PROBLEM TO WORK ON | Will you quote only the lines starting at the one that contains "Straw beach roof" and ending with the last line of the listing below, inclusive?
-- -- --
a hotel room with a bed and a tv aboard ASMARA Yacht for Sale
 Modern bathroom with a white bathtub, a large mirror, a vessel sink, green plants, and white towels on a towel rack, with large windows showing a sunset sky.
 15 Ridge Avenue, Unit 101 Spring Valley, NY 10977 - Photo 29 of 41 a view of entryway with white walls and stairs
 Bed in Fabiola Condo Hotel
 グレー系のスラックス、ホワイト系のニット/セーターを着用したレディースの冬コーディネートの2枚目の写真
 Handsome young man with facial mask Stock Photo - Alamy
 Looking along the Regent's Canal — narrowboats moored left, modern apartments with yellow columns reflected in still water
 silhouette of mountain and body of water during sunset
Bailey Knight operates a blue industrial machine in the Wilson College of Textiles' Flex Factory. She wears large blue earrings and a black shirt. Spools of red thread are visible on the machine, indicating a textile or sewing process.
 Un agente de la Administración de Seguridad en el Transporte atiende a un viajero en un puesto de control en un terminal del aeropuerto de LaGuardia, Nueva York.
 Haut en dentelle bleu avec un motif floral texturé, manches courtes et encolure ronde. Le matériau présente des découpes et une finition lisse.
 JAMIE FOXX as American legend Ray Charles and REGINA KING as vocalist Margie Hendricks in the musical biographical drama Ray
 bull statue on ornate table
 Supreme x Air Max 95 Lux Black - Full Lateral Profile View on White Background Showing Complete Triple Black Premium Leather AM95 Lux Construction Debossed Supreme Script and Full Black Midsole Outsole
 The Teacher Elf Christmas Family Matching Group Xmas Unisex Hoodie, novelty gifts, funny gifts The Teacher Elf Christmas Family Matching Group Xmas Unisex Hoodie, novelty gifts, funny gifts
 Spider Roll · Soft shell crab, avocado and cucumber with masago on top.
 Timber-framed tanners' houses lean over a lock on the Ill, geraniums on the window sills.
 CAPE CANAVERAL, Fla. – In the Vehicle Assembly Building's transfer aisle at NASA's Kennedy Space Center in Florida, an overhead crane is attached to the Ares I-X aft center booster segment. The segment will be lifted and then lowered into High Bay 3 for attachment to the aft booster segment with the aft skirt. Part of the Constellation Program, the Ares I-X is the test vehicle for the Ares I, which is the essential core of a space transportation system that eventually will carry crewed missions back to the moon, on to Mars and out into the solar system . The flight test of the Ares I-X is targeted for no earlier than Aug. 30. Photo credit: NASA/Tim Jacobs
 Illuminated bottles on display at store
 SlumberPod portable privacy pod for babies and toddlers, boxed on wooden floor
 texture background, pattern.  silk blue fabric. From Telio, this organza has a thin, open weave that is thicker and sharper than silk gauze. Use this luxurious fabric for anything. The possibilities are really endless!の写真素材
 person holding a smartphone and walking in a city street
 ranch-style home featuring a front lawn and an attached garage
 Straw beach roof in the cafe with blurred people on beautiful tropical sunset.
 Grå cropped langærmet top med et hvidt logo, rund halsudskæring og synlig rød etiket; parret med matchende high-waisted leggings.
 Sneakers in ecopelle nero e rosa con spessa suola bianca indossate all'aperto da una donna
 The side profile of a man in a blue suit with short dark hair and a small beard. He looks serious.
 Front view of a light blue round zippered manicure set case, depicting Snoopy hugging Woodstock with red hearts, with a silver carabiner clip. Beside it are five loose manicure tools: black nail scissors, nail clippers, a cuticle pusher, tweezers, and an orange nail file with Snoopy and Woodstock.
-- -- --
OUTPUT FOR THIS TASK |
 Straw beach roof in the cafe with blurred people on beautiful tropical sunset.
 Grå cropped langærmet top med et hvidt logo, rund halsudskæring og synlig rød etiket; parret med matchende high-waisted leggings.
 Sneakers in ecopelle nero e rosa con spessa suola bianca indossate all'aperto da una donna
 The side profile of a man in a blue suit with short dark hair and a small beard. He looks serious.
 Front view of a light blue round zippered manicure set case, depicting Snoopy hugging Woodstock with red hearts, with a silver carabiner clip. Beside it are five loose manicure tools: black nail scissors, nail clippers, a cuticle pusher, tweezers, and an orange nail file with Snoopy and Woodstock.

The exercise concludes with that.